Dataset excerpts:
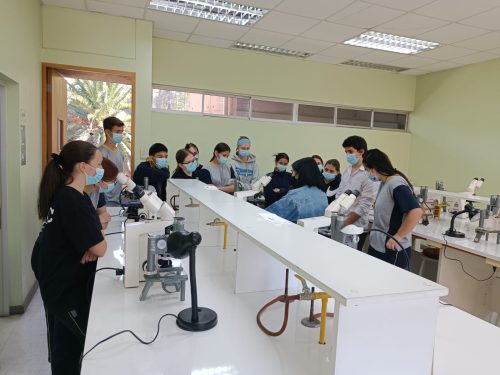 Nuestros(as) estudiantes visitan la Universidad Metropolitana de Ciencias de la Educación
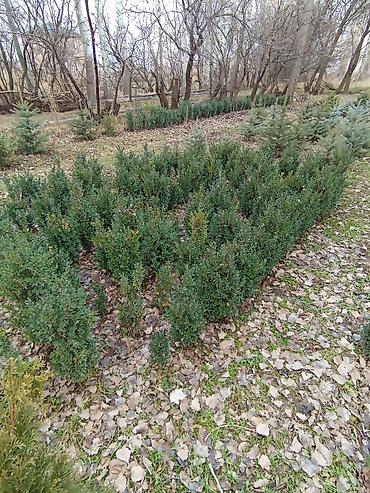 Декоративные деревья: Продаются ели голубые, зелёные, вечнозелёные самшиты, туи, сосны — 3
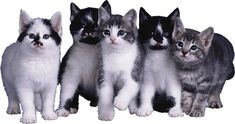 five kittens are standing in a row and one is looking at the camera with blue eyes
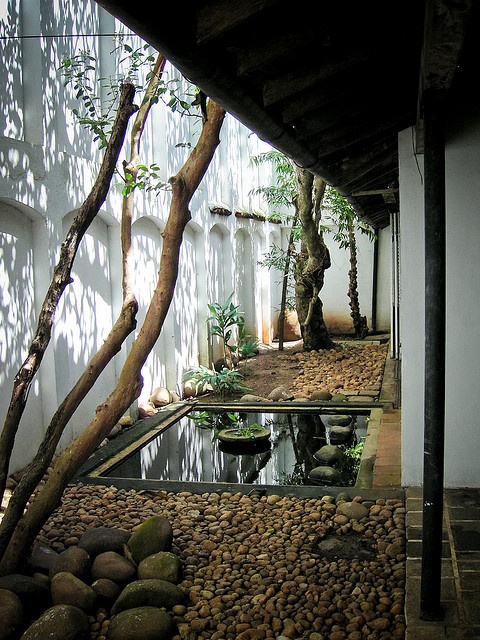 un hermoso y elegante patio con guijarros, un par de árboles y vegetación, rocas y un pong con un cuenco de piedra en el centro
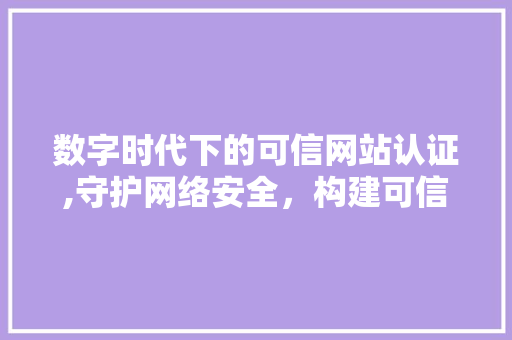 数字时代下的可信网站认证,守护网络安全，构建可信环境 数字时代下的可信网站认证,守护网络安全，构建可信环境 网站建设公司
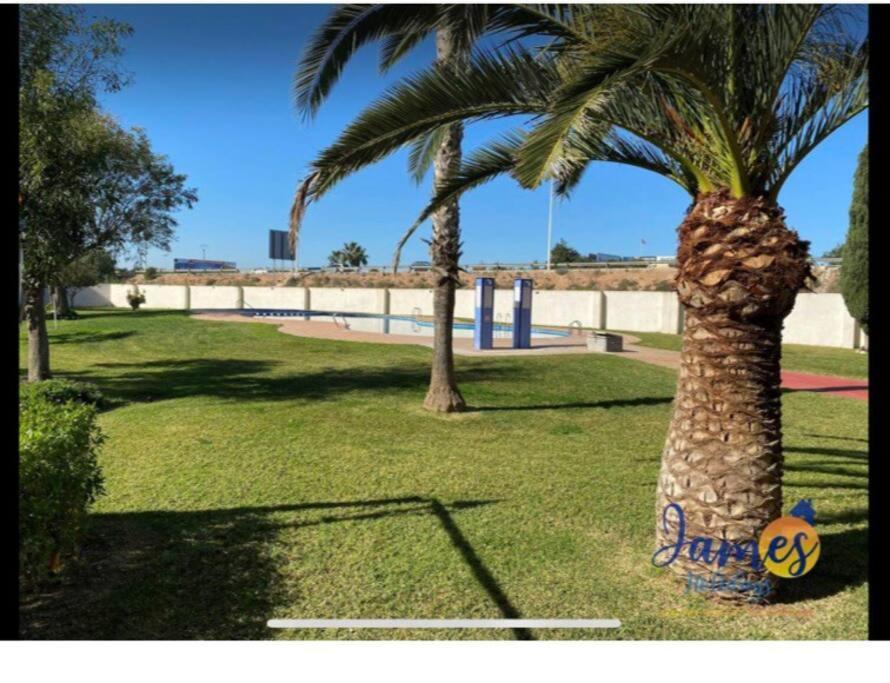 Casa Di Mateo With Garden View And Swimming Pool Daire Torrevieja Dış mekan fotoğraf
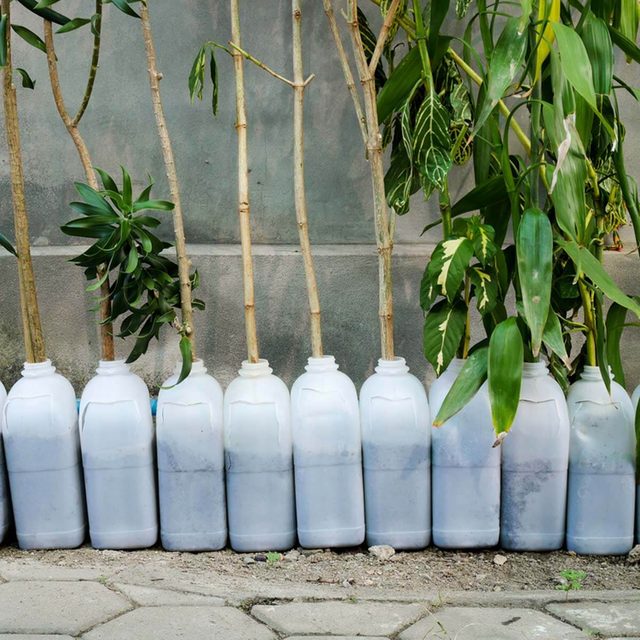 Plastic jugs
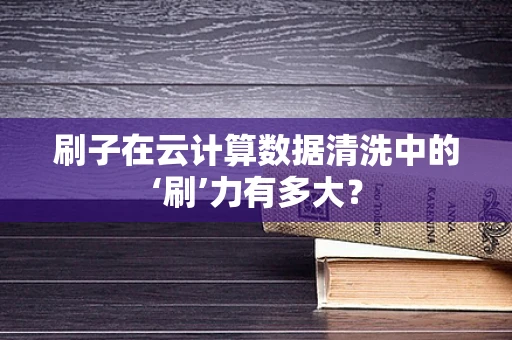 刷子在云计算数据清洗中的‘刷’力有多大？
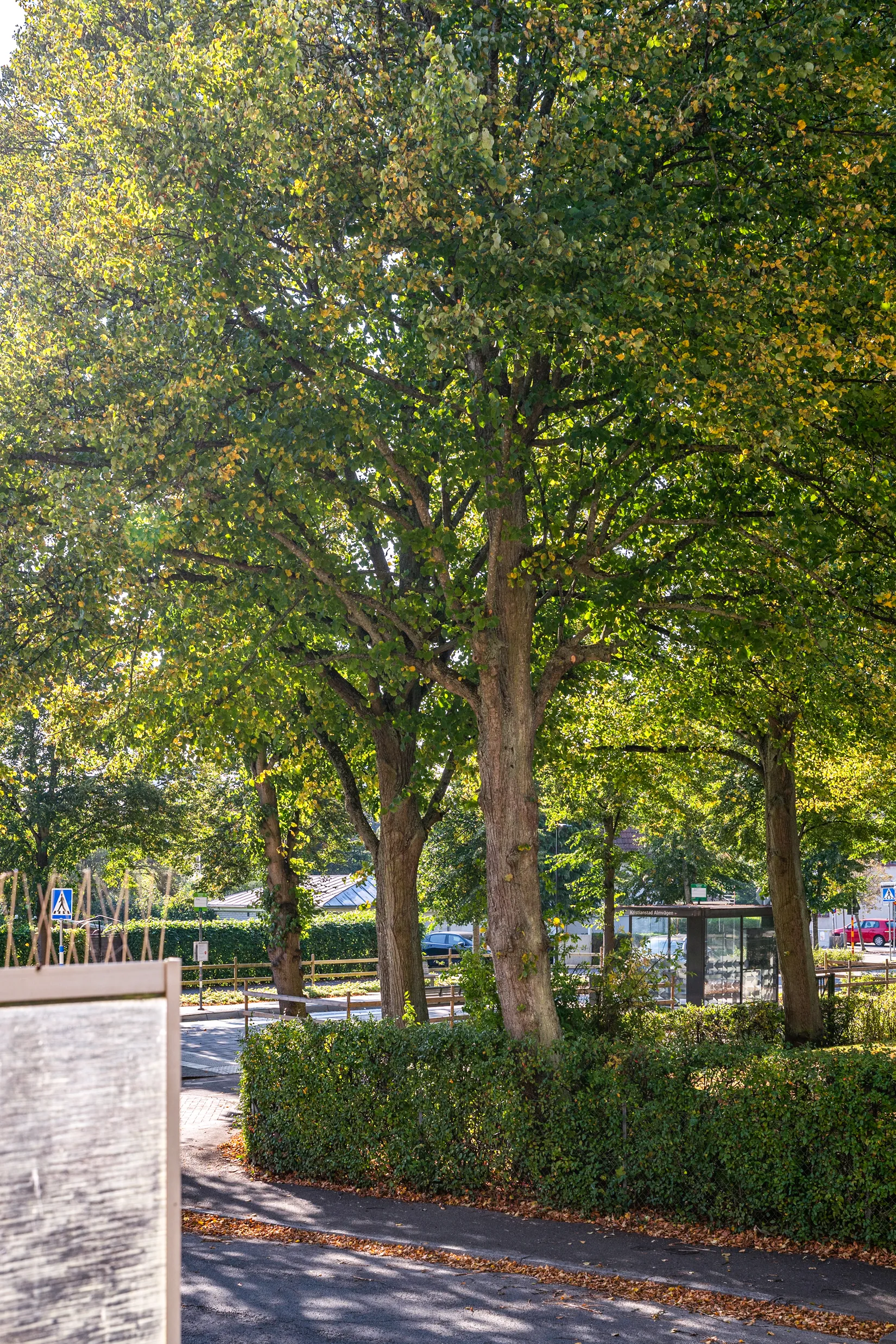 Bostadsrätt, Almvägen 15A, Parkstaden/Egna Hem, Kristianstad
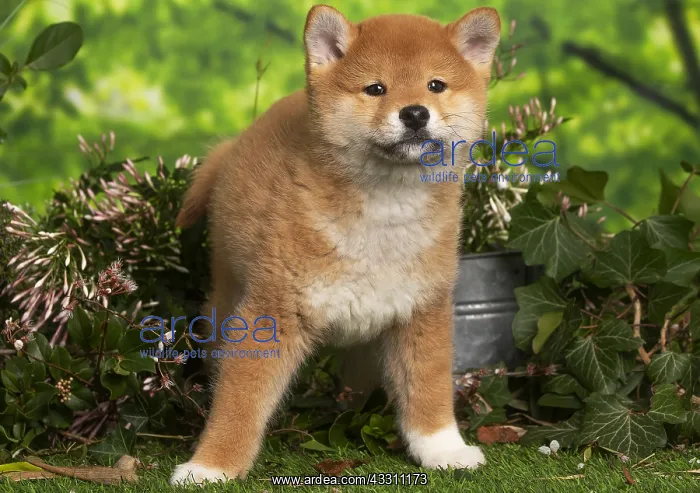 : Shiba Inu puppy outdoors in the garden : Shiba Inu puppy outdoors in the garden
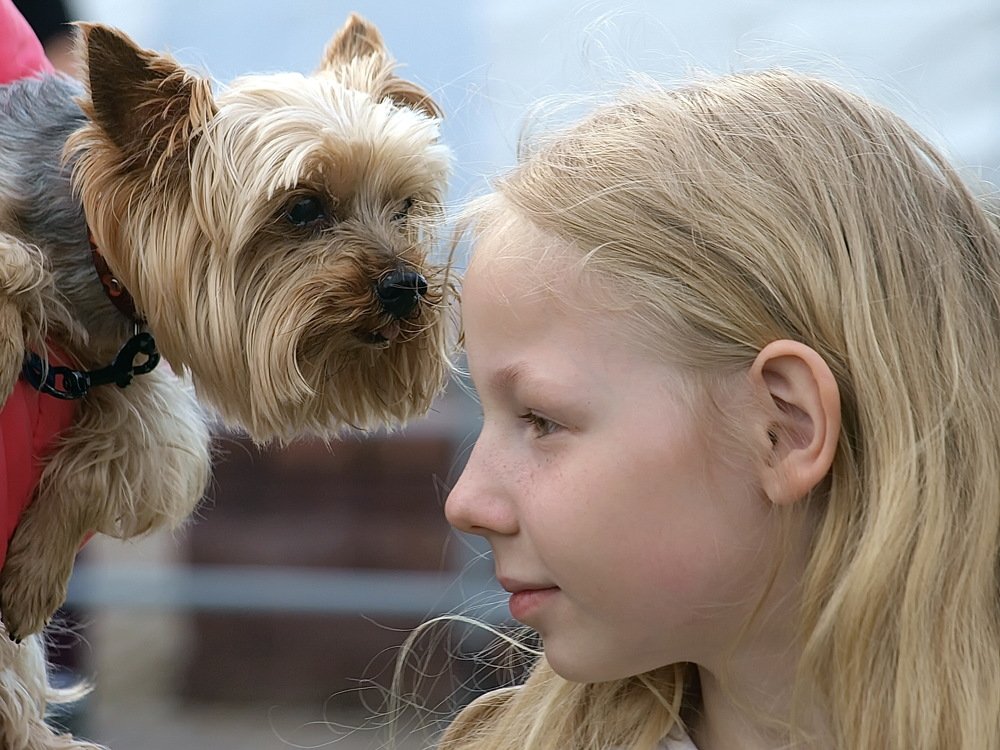 Photograph by Игорь Чеботарёв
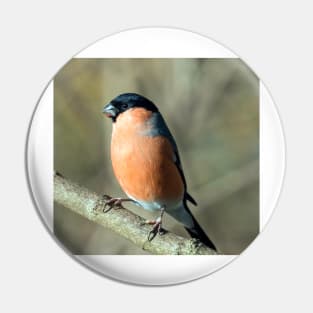 Male bullfinch Pin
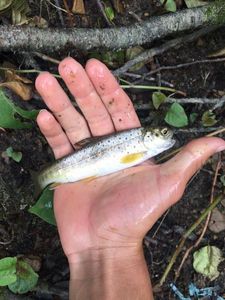 Brown Trout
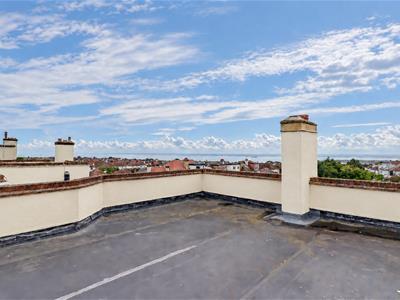Picture 20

§ Task instructions
Give an exact copy of the entries, excluding all pictures.

§ Exercise answer
 Nuestros(as) estudiantes visitan la Universidad Metropolitana de Ciencias de la Educación
 Декоративные деревья: Продаются ели голубые, зелёные, вечнозелёные самшиты, туи, сосны — 3
 five kittens are standing in a row and one is looking at the camera with blue eyes
 un hermoso y elegante patio con guijarros, un par de árboles y vegetación, rocas y un pong con un cuenco de piedra en el centro
 数字时代下的可信网站认证,守护网络安全，构建可信环境 数字时代下的可信网站认证,守护网络安全，构建可信环境 网站建设公司
 Casa Di Mateo With Garden View And Swimming Pool Daire Torrevieja Dış mekan fotoğraf
 Plastic jugs
 刷子在云计算数据清洗中的‘刷’力有多大？
 Bostadsrätt, Almvägen 15A, Parkstaden/Egna Hem, Kristianstad
 : Shiba Inu puppy outdoors in the garden : Shiba Inu puppy outdoors in the garden
 Photograph by Игорь Чеботарёв
 Male bullfinch Pin
 Brown Trout
Picture 20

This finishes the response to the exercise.